- Born: Sharon Green October 25, 1962 (age 63) Wilmington, North Carolina, U.S.
- Origin: The Bronx, New York, U.S.
- Genres: Hip hop
- Occupation: Rapper
- Years active: 1977–present
- Label: Enjoy Records Sugar Hill Records
- Website: MCShaRockOnline.com

= Sha-Rock =

American rapper

Sharon Green (born October 25, 1962), also known as MC Sha-Rock, is considered the "first female rapper" or emcee. Born in Wilmington, North Carolina, she grew up in the South Bronx, New York City during the earliest years of hip hop culture and rap music. Within the hip-hop community she has been referred to as the "Mother of the Mic". As a member of the Funky 4 + 1, one of the first hip-hop crews to appear on national television, her style influenced notable rappers like MC Lyte and DMC (born Darryl McDaniels) of Run-DMC.

== Career ==
Sha-Rock began as a local b-girl, or breakdancer, in the early days of South Bronx hip hop scene and culture in the late 1970s.
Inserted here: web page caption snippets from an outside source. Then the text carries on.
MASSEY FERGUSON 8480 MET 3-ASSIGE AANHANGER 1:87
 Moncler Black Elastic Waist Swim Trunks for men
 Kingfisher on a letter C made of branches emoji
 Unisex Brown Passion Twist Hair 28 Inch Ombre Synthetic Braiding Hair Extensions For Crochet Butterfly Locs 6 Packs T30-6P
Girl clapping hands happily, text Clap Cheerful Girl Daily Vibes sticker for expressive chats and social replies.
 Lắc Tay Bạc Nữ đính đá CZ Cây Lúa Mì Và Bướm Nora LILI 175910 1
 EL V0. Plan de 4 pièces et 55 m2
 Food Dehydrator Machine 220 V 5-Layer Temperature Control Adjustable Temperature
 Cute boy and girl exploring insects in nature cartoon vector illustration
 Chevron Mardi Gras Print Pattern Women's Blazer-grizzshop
The Funky 4 + 1, Sha-Rock being the plus one, had their first hit with the 12-inch "Rapping and Rocking the House" on Sugarhill Records (1979), which was followed by "That's the Joint" (1980). As a pioneer affiliated with the Zulu Nation, MC Sha-Rock inspired a style of rapping made famous by Run DMC and called the "echo chamber".

In 2010, Green published a book about her experiences titled “The Story of the Beginning and End of the First Hip Hop Female MC: Luminary Icon Sha-Rock.” The book recounts her experiences and challenges of becoming an emcee and her time as a member of The Funky 4 + 1.

On August 4, 2009, Sha-Rock was presented an award for "Women in Hip Hop All Female Rapathon and All Pioneer Luminary MC Award" presented by the Hip Hop cultural center of Harlem. At the ceremony Sha-Rock said "that everyone please embrace the culture and make sure that you really understand that Hip Hop is really not just about rap and profit, it's about peace, unity and having fun. Listening to music, enjoying one another and being safe".

== Legacy ==

Of all members of the Funky 4 + 1, pop critic Robert Christgau reserved special praise for Green in his review of "That's the Joint", "Quick tradeoffs and clamorous breaks vary the steady-flow rhyming of the individual MCs, and when it comes to Sha-Rock, Miss Plus One herself, who needs variation?"

On February 14, 1981, The Funky 4 + 1 were introduced as New York City "street rappers" from the Bronx along with headlining musical guests Blondie with its lead singer Debbie Harry on Saturday Night Live. The Funky 4 + 1's appearance reflected a local connection that introduced the uptown musical youth of the Bronx and Harlem to the downtown Lower East Side scenes of graffiti art and music that was represented with the original hip-hop artists playing themselves in the 1983 film Wild Style by Charlie Ahearn.

This creative link between various youthful artists was boosted by Fab Five Freddy and Ruza Blue, nicknamed "Kool Lady Blue", who curated acts at the Roxy NYC nightclub, which featured early hip-hop DJs and breakdancers. Sha-Rock has received the honorary award from the Council of the City of New York.

== Personal life ==
Sha-Rock was inducted as an honorary member of Sigma Gamma Rho on July 24, 2026, during the sorority's 61st Biennial Boule in Tampa, Florida.